Worm Farming In The Winter (Cold months ahead) –
You may have been worrying about, how will my worms do in the winter? Do I need to do anything for them? Or can I just leave them how they are? Well, I’m going to try to explain everything you should do for your red wigglers in the wintertime further down, don’t worry it’s nothing tough I promise, in fact, it’s almost the same!
I’m going to start off by saying if your temperature is under 40 degrees move them to a warmer location as soon as possible. If your worm’s bedding (or especially the worms themselves) freezes they will not survive, I would say this is the most critical thing you should worry about when it comes to winter worm farming. Remember red wigglers are not accustomed to extreme cold or heat. They like the same temperatures we prefer as humans.
When I said to move them somewhere warmer if you moved them inside that’s just perfect, if you already had them inside that’s even more perfect! I go more in-depth into worm farming indoors and why it can be better in a lot of ways here. When indoors you really don’t have much to worry about, as it really minimizes a lot of the risk involved with cold weather. Just remember to make sure your red wiggler worms get plenty of air circulation and oxygen, you also want to always keep their bedding moist (but not soaking wet).
If your red wiggler worms are outside, then don’t worry I still have a few great strategies involved in minimizing the risk to your worms in the wintertime.
Red wiggler worms slow down under 60 degrees temperature, meaning they eat less, meaning your worm food can build up quickly, leading to a dangerous increase in bad acids. These acids are what can make a worm farm smell, and what can lead to a failed worm farm. The acids that are created from rotting foods are too acidic for worms and can and will kill them if concentrated enough. That being said, just give them less food! Don’t give them foods that rot if you expect they won’t or can’t eat it in time, instead give them paper bedding! Paper is made of cellulose and won’t go bad as a vegetable or fruit will, but the worms will love it as bedding and food. The paper bedding will keep them warmer, and provide them with an ample food supply. We have also noticed in our own populations that they prefer paper bedding for egg production. We offer paper bedding suitable for worms here.
Other than that really just using common sense, and by following this as a guideline, I guarantee that your worms will live, and will thrive through the winter months!
And don’t worry when summer comes, you can bet we are going to show you how to properly care for your worms in the heat!
Let us know if you have any questions about your vermicompost and live red wigglers, any time of the season, down below in the comment section, don’t forget to subscribe to our email list to never miss an awesome offer, or a cool in-depth article!
What Should I Do If It Snows During Extreme Temperature Drops And I Have An Outdoor Colony?

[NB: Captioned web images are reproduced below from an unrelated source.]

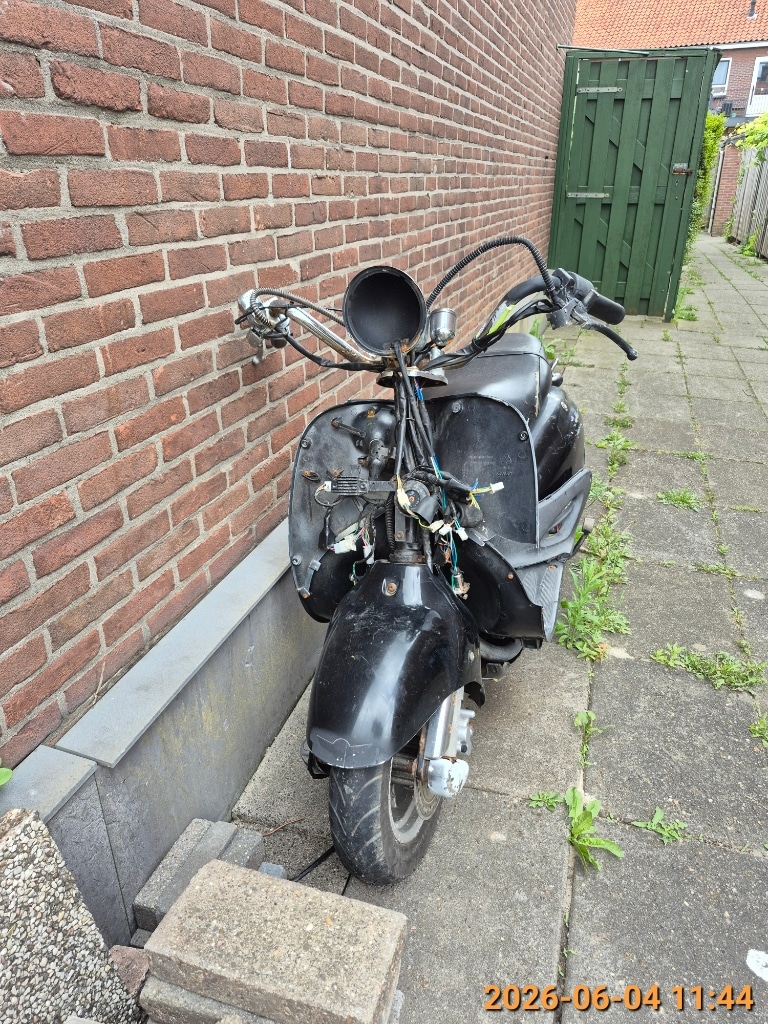 Scooterwrak zonder kenteken aan de Acaciastraat. 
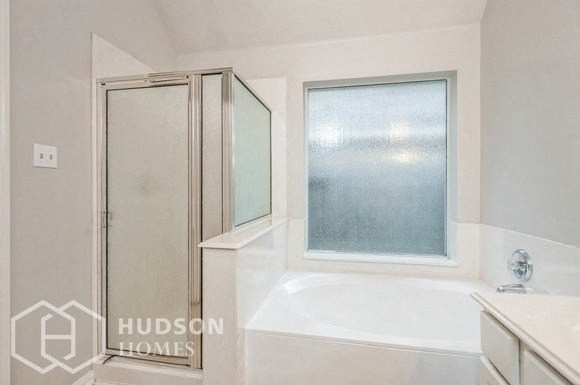 a white bathroom with a shower and a bath tub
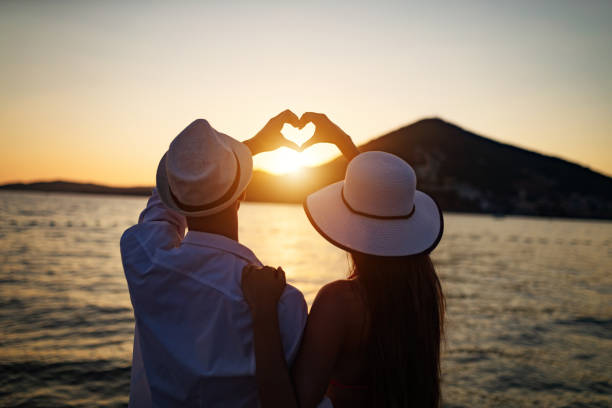 istock Romantic couple in love enjoying vacation on beach at summer 1165890577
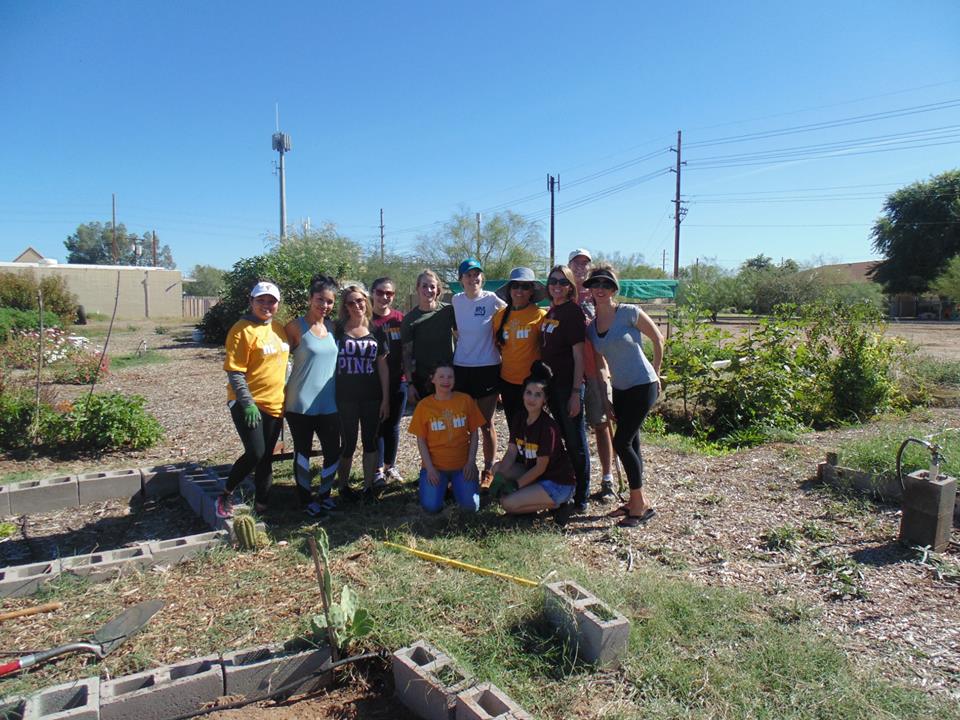 group photo of student club in an urban garden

Snowfall is one thing a worm colony shouldn’t be exposed to I’ll give a few tips below –
- During snowfall or during extreme cold fronts cover your red wiggler bins with a cloth or tarp, this will trap warmth, provide insulation and most importantly prevent snow from reaching your worm farm – this helps prevent a mass colony death due to a sudden freeze.
- Reduce the amount of water given to a colony during freezing months, this will prevent ice build-up in a colony, combine this with the first tip above.
- Provide extra bedding for your worms, the more materials the better, this gives your red wigglers a place to get away from the extreme cold, as well as providing more necessary insulation, remember – the deeper your worm bin goes, the better, during cold months.
- Move your worm farm indoors if it’s possible whenever cold weather approaches, this is the easiest and best method of protecting your worm farm. You may find your worm colony flourishes when you switch to indoor worm farming, this is because the temperatures we like, are perfect for worms, 68-78 is optimal for your wormy friends, and reproduction efforts will multiply when indoors due to this temperature change.